South Australia’s Yorke and Fleurieu Peninsulas host some unusually colored beaches. The pink color was already known to be pulverized garnet, but an attempt to find the source has revealed a very unlikely location buried in ice and thousands of kilometers away.
South Australia is known for pink things, including its famous lakes and the shorts of its former premier. Somewhat less well known are the pink sands on the peninsulas either side of the Gulf of St Vincent. On some beaches these pink grains are rare enough to be barely noticeable, but others are predominantly pink.
Identifying the sand as being from garnet smashed against other rocks is relatively easy, but finding the source is harder. The conditions to produce garnet have not occurred often in Earth’s history. Scientists decided if they could work out where the garnet came from, unraveling the path by which it reached these beaches could teach us a lot about the geologic history of the area.
South Australia had two known sources of garnet. One occurred 514-490 million years ago when the Adelaide Fold Belt was formed nearby. The other was much earlier when the Gawler Craton, which now makes up the middle of the state, was built between 3.3 and 1.4 billion years ago.
The University of Adelaide has pioneered a method for using lasers to perform lutetium-hafnium dating. Using this they were able to show that some garnet grains on the state’s beaches come from each of these events. However, the most abundant garnet grains have an age of 570-590 million years.
“The garnet is too young to have come from the Gawler Craton and too old to have come from the eroding Adelaide Fold Belt,” said University of Adelaide PhD student Sharmaine Verhaert in a statement. “Garnet requires high temperatures to form and is usually associated with the formation of large mountain belts, and this was a time when the South Australian crust was comparatively cool and non-mountainous.”
Verhaert and Dr Stijn Glorie needed to look further afield, but knew prolonged time in marine environments destroys garnet so it probably wouldn’t be too far.
They realised that the Cape Jervis Formation, which overlaps with the Fleurieu Peninsula, contains garnet mixed rock and other sands. When the rocks of the Formation erode, the garnet escapes and can end up on nearby beaches. Moreover, testing revealed this garnet as 590 million years old, close enough to what they were looking for.
This, however, only pushes the question one step further up the chain. If South Australia was too inactive at the time to produce its own garnet, how did it get into the Cape Jervis Formation, from which it has since eroded?
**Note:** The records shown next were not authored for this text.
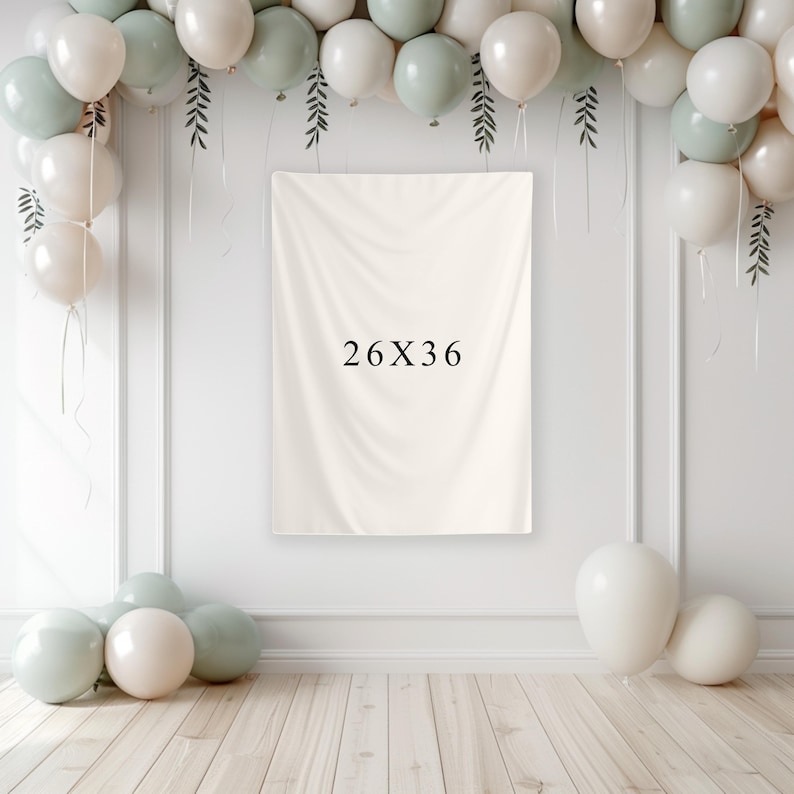 May include: A cream-colored backdrop with the text "26X36" is the focal point, surrounded by a balloon arch in white and sage green. The balloons are arranged with decorative greenery, creating a festive atmosphere. The backdrop measures 26 inches by 36 inches.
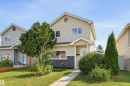 Two-story exterior with light-colored siding, contrasting dark stone-clad lower facade, and a covered entry - 4125 38 Street Nw, Edmonton, AB 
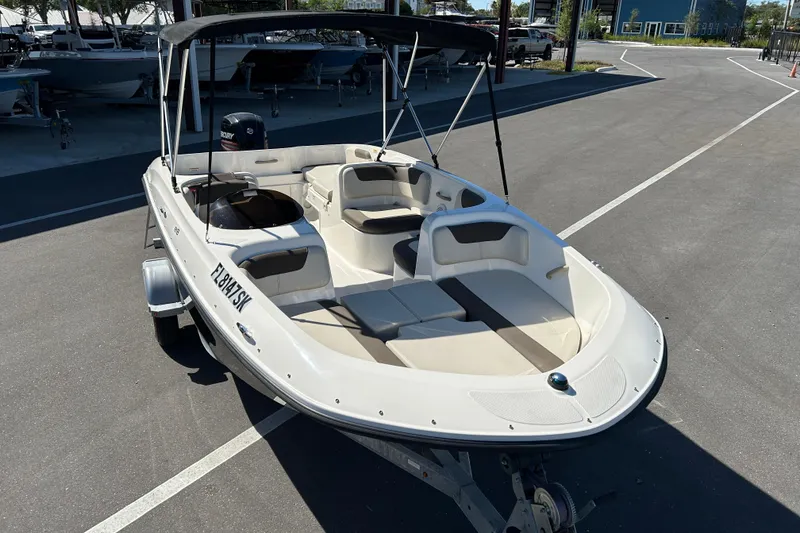 Slide: The Image of 2019 Bayliner Element E18 boat with canopy, parked on a trailer in a marina. - 6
The answer, Verhaert, Glorie and co-authors conclude, is that it came from Antarctica when it was joined to Australia as part of Gondwana. For obvious reasons we don’t know a lot about Antarctica’s rocks, but garnet of the right age has been found in an outcrop of the Transantarctic Mountains that divide East and West Antarctica. It’s likely there is a lot more buried under the ice where we can’t reach it.
“It is conceivable that millions of years of ice transport eroded the bedrock underneath and transported this cargo of garnet north-westwards, towards the conjugate Antarctic-Australian margin,” said Glorie.
The authors think the garnet was formed during a period of crustal thickening in east Antarctica that represented the first stage of a major mountain-building event.
The garnet was arriving in South Australia around the same time its hills were recording the impressions of some of the earliest complex life forms, whose epoch is named after a location there.
From there, the garnet deposits would have been stored in glacial sediments for hundreds of millions of years until erosion allowed them to escape, to be washed up on nearby beaches.
“We have effectively uncovered a major mountain building event that redefines the timing of the onset of convergence in the Pacific Ocean,” Glorie said.
The study is published open access in Communications Earth and Environment.